I'm not saying that after a year of doing this, my mind has miraculously stopped analyzing and critiquing my every move. I've just become less interested in listening to it. I am getting better at distinguishing between what is fearful thinking and what is truth. This practice has given me a little more patience to sit with uncertainty and wait for the answers that feel right in my bones. I am learning the richness and value of the journey itself.
These aren't new ideas to me. I have understood them intellectually for many years — and even espoused them to the women I meet when I'm volunteer-facilitating classes in prison. But moving through this year has allowed these ideas to take root in my heart. It has awakened some faith deep down inside where previously there was very little.

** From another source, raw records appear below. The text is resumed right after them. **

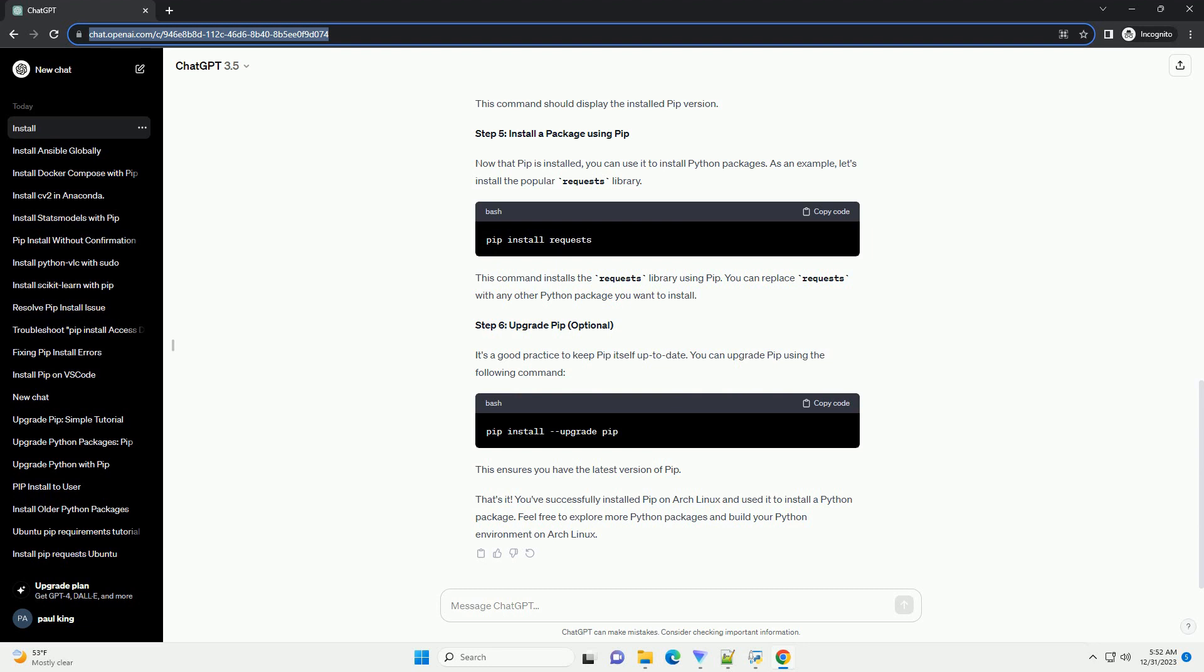Step 1. Update the system. Before installing any new software, it's a good practice to update your system to ensure you have the latest package information. This command updates the package database and upgrades all installed packages to their latest versions.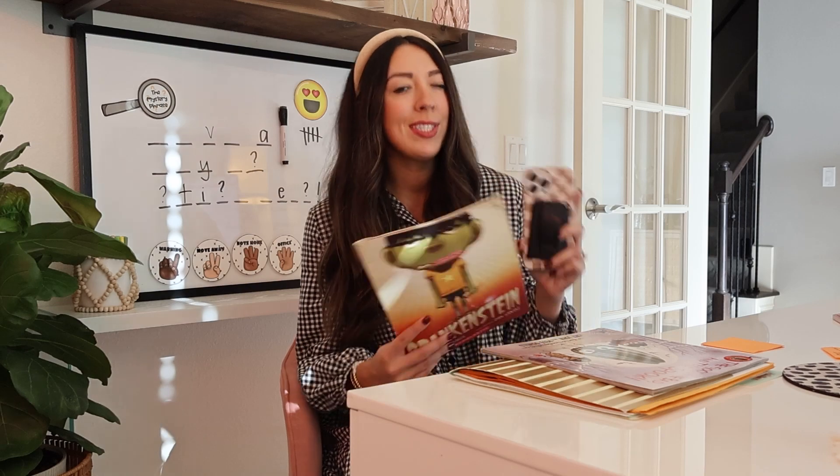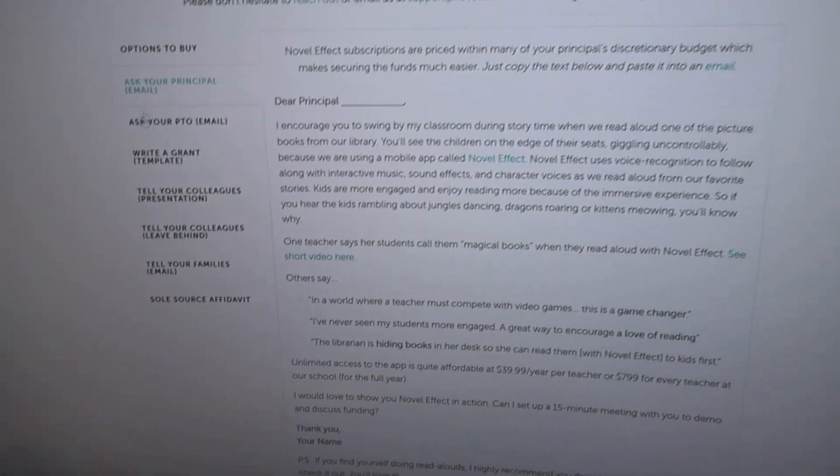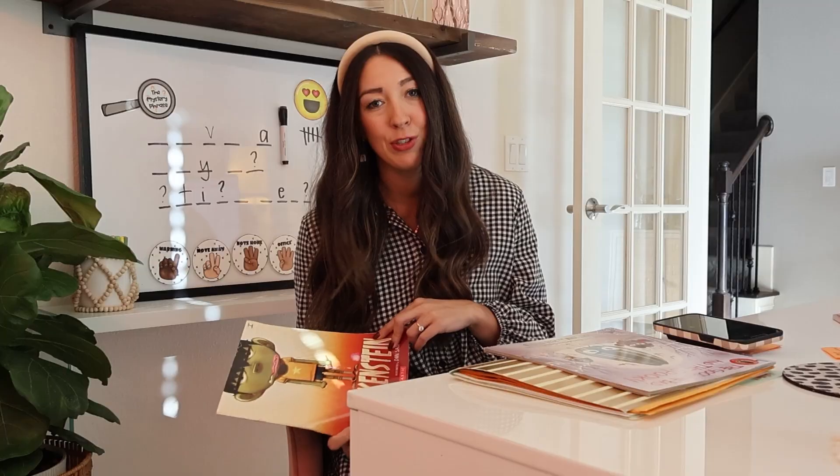Novel Effect is a paid app for all stories, but at the time of this recording they offer a free plan with select books — I believe you can do five reads a month. If you look on their website, they also have a special plan just for teachers and templates you can send to your district, principal, or PTO to see if they can cover the cost. I will link that in the description below.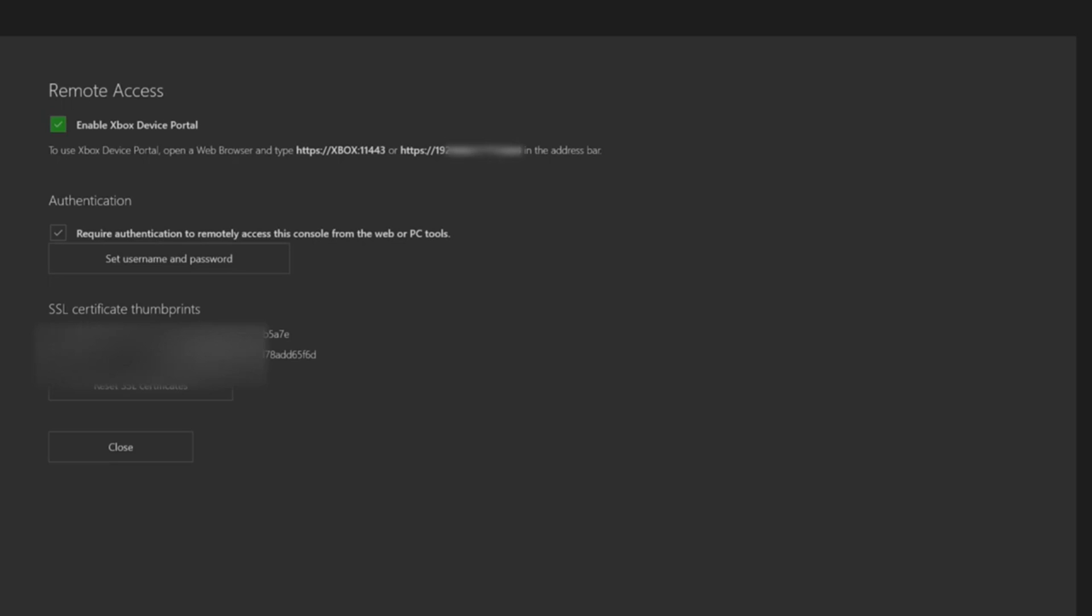Make sure to keep a screenshot of this because anytime you want to enter the access portal on your computer you're going to have to use either one or two links whichever one works for you.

This experiment also has reinforced for me the power of self-expression — especially when it is shared with others and used as a tool to make peace with things I find difficult or uncomfortable in life. Throughout this experiment, there were individuals who came forward and shared with me what witnessing Move Through It had evoked in them. Their stories and perspective brought awareness and healing to me I could not have found on my own.
In ending Move Through It the experiment, I feel myself embarking on a life-long practice of listening for, and trusting in, this deeper knowing inside me — especially when my heart is hurting or life feels overwhelming or threatening. Because this is where I will find a more empowering truth that will support and sustain me as I move about life, exploring a path that was cleared just for me.